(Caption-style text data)
* * * *

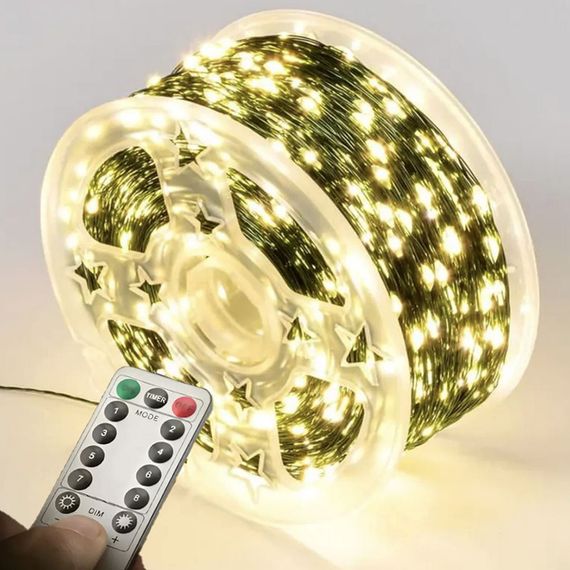 Гірлянда Роса нитка 500 LED, довжина 50 м з пультом, зелений, теплий XPRO (47724-717_377) | Зображення 3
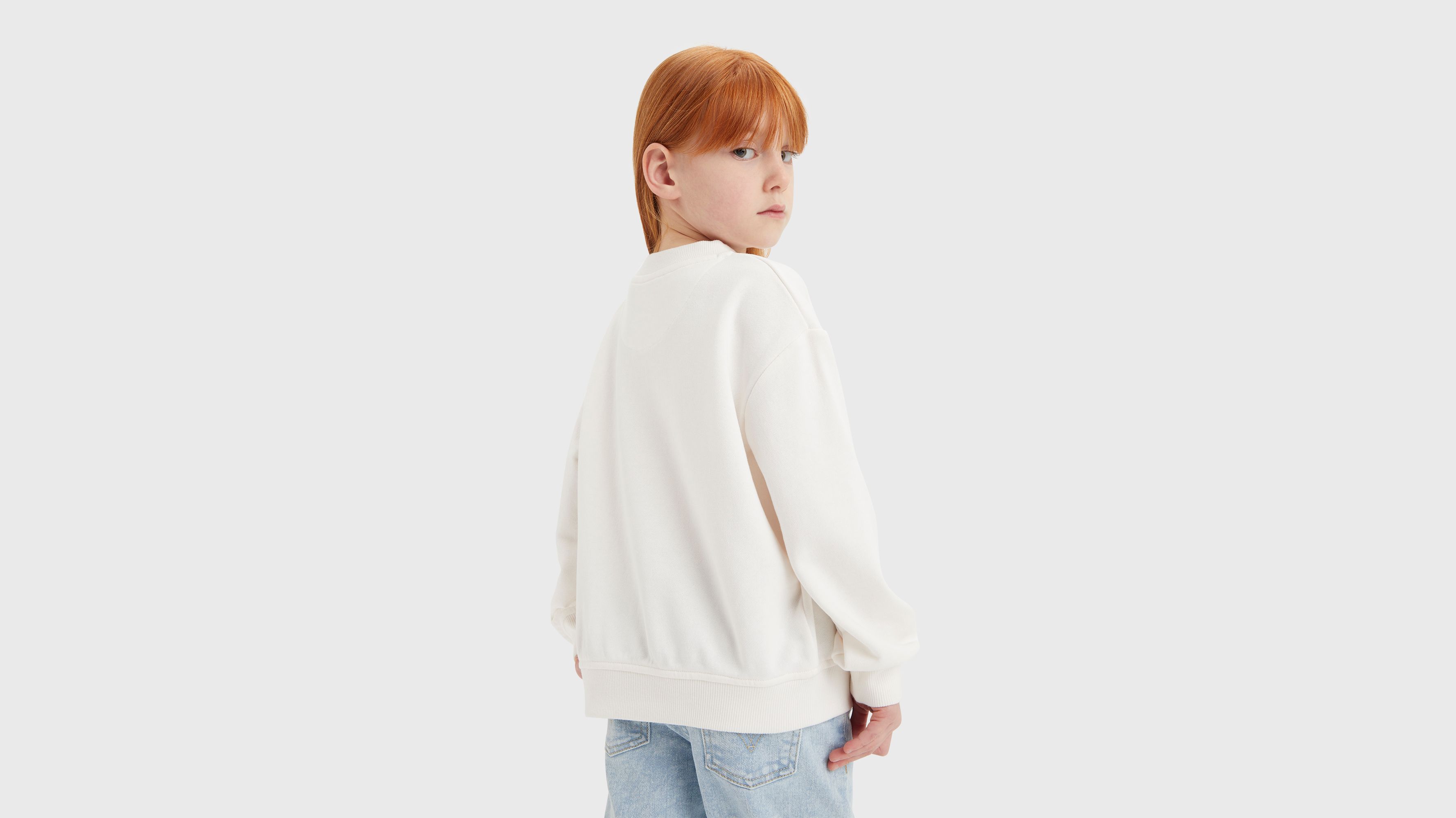 Enfant sweat-shirt à col rond - Sugar Swizzle - Blanc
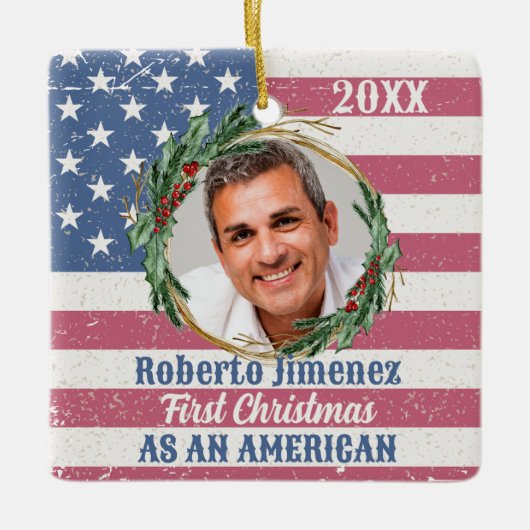 Vintage erste Weihnachtsfeier US-Bürger-Flagge Keramikornament (Vorderseite)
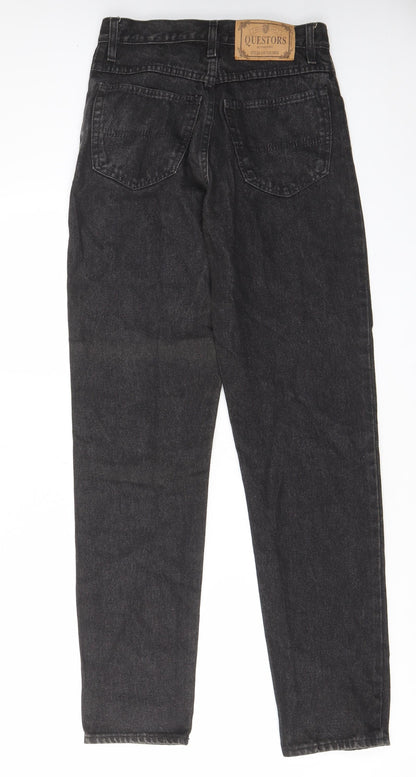 Questors Womens Black Cotton Straight Jeans Size 28 in L31 in Regular Zip - Pockets, Belt Loops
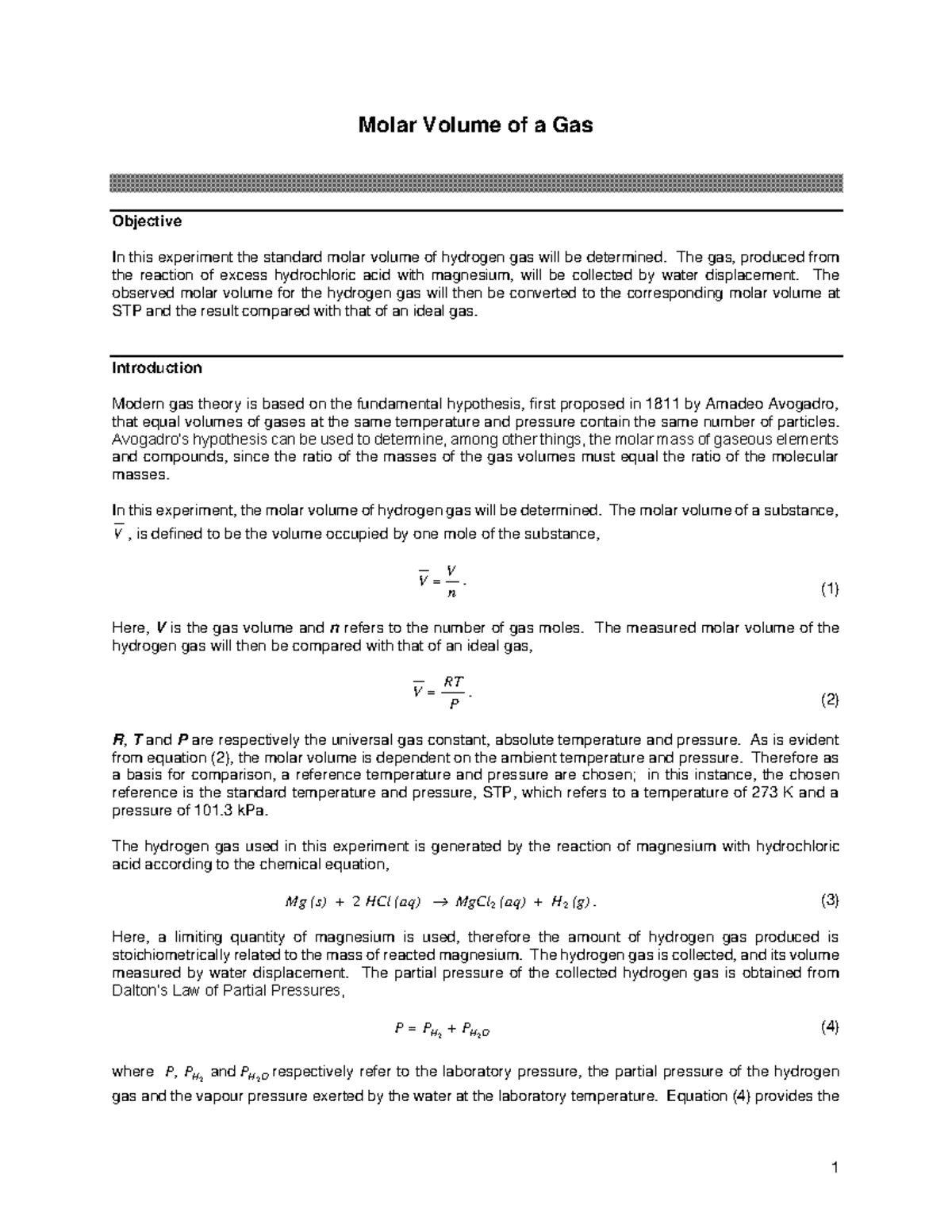 Molar Volume of Gas The gas, produced from the reaction of excess hydrochloric acid with Studocu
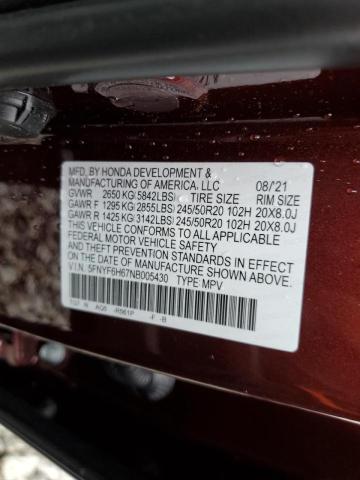 Photo 10 from auction – 2022 HONDA PILOT TOUR with VIN 5FNYF6H67NB005430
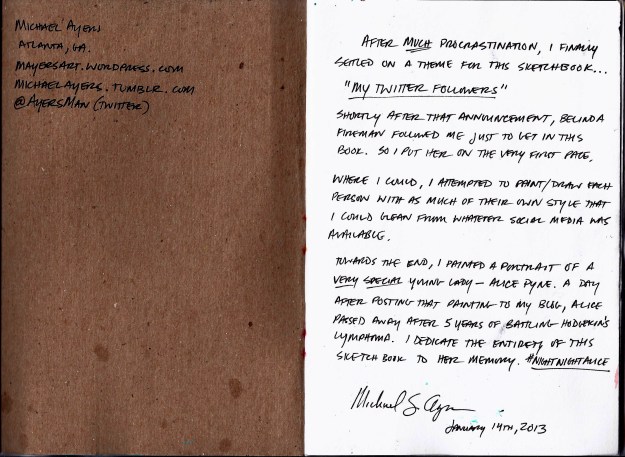Inside cover & 1st page with dedication to Alice Pyne.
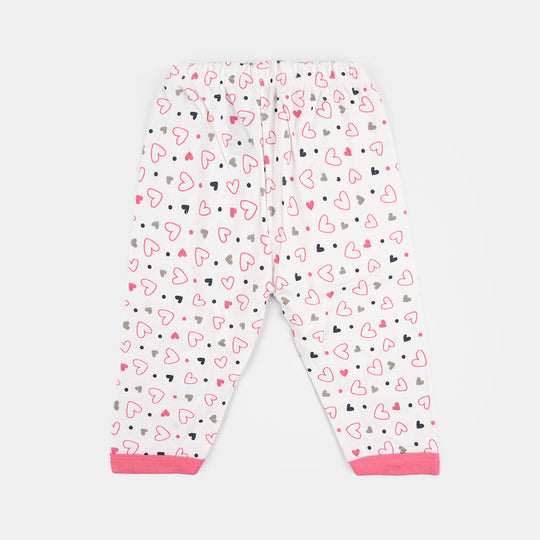 Infant Front Open Suit (Heart) - White/Pink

* * * *

- Task instructions
Every line from the one containing "Inside cover &" to the final line of the records must be transcribed exactly, both ends included, with the pictures left out.

- Solved problem
Inside cover & 1st page with dedication to Alice Pyne.
 Infant Front Open Suit (Heart) - White/Pink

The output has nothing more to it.